»»
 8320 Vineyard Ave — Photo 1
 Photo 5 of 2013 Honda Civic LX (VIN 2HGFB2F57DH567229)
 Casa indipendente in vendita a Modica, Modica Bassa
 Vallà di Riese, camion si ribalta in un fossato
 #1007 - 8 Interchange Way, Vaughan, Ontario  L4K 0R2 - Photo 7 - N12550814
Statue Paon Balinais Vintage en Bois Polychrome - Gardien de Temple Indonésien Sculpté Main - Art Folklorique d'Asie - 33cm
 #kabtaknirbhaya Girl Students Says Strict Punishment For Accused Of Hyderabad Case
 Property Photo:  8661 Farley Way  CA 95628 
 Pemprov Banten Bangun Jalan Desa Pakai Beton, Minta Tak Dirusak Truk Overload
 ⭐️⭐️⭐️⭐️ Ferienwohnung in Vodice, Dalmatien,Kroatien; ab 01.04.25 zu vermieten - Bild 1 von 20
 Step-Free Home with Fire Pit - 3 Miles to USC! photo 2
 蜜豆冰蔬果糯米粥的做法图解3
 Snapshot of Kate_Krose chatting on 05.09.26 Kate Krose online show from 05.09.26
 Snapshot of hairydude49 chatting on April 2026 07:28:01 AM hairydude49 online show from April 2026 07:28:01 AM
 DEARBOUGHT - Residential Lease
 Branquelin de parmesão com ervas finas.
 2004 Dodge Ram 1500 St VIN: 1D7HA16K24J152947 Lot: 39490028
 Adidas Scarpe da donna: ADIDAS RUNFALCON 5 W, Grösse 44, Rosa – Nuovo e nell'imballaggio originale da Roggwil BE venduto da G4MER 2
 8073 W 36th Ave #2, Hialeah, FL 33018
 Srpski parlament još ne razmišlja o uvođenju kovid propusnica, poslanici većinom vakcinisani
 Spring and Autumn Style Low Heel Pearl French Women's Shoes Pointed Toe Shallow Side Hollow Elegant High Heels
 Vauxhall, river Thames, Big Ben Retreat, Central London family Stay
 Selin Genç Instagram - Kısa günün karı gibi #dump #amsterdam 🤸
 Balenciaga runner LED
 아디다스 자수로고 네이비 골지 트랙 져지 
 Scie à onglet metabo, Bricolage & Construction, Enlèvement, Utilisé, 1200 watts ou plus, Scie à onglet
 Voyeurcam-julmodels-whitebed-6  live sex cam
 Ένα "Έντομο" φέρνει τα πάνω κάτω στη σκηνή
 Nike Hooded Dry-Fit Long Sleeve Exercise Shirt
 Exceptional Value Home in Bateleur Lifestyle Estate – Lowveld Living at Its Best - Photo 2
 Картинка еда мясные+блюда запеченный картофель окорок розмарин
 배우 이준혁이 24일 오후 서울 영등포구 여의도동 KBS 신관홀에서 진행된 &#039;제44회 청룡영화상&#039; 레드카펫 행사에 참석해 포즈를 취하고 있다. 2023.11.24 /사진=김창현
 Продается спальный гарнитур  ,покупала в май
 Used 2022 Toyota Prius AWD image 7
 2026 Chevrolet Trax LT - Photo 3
««
Exercise details: Every entry should be printed again exactly as it stands.

Completed exercise:
 8320 Vineyard Ave — Photo 1
 Photo 5 of 2013 Honda Civic LX (VIN 2HGFB2F57DH567229)
 Casa indipendente in vendita a Modica, Modica Bassa
 Vallà di Riese, camion si ribalta in un fossato
 #1007 - 8 Interchange Way, Vaughan, Ontario  L4K 0R2 - Photo 7 - N12550814
Statue Paon Balinais Vintage en Bois Polychrome - Gardien de Temple Indonésien Sculpté Main - Art Folklorique d'Asie - 33cm
 #kabtaknirbhaya Girl Students Says Strict Punishment For Accused Of Hyderabad Case
 Property Photo:  8661 Farley Way  CA 95628 
 Pemprov Banten Bangun Jalan Desa Pakai Beton, Minta Tak Dirusak Truk Overload
 ⭐️⭐️⭐️⭐️ Ferienwohnung in Vodice, Dalmatien,Kroatien; ab 01.04.25 zu vermieten - Bild 1 von 20
 Step-Free Home with Fire Pit - 3 Miles to USC! photo 2
 蜜豆冰蔬果糯米粥的做法图解3
 Snapshot of Kate_Krose chatting on 05.09.26 Kate Krose online show from 05.09.26
 Snapshot of hairydude49 chatting on April 2026 07:28:01 AM hairydude49 online show from April 2026 07:28:01 AM
 DEARBOUGHT - Residential Lease
 Branquelin de parmesão com ervas finas.
 2004 Dodge Ram 1500 St VIN: 1D7HA16K24J152947 Lot: 39490028
 Adidas Scarpe da donna: ADIDAS RUNFALCON 5 W, Grösse 44, Rosa – Nuovo e nell'imballaggio originale da Roggwil BE venduto da G4MER 2
 8073 W 36th Ave #2, Hialeah, FL 33018
 Srpski parlament još ne razmišlja o uvođenju kovid propusnica, poslanici većinom vakcinisani
 Spring and Autumn Style Low Heel Pearl French Women's Shoes Pointed Toe Shallow Side Hollow Elegant High Heels
 Vauxhall, river Thames, Big Ben Retreat, Central London family Stay
 Selin Genç Instagram - Kısa günün karı gibi #dump #amsterdam 🤸
 Balenciaga runner LED
 아디다스 자수로고 네이비 골지 트랙 져지 
 Scie à onglet metabo, Bricolage & Construction, Enlèvement, Utilisé, 1200 watts ou plus, Scie à onglet
 Voyeurcam-julmodels-whitebed-6  live sex cam
 Ένα "Έντομο" φέρνει τα πάνω κάτω στη σκηνή
 Nike Hooded Dry-Fit Long Sleeve Exercise Shirt
 Exceptional Value Home in Bateleur Lifestyle Estate – Lowveld Living at Its Best - Photo 2
 Картинка еда мясные+блюда запеченный картофель окорок розмарин
 배우 이준혁이 24일 오후 서울 영등포구 여의도동 KBS 신관홀에서 진행된 &#039;제44회 청룡영화상&#039; 레드카펫 행사에 참석해 포즈를 취하고 있다. 2023.11.24 /사진=김창현
 Продается спальный гарнитур  ,покупала в май
 Used 2022 Toyota Prius AWD image 7
 2026 Chevrolet Trax LT - Photo 3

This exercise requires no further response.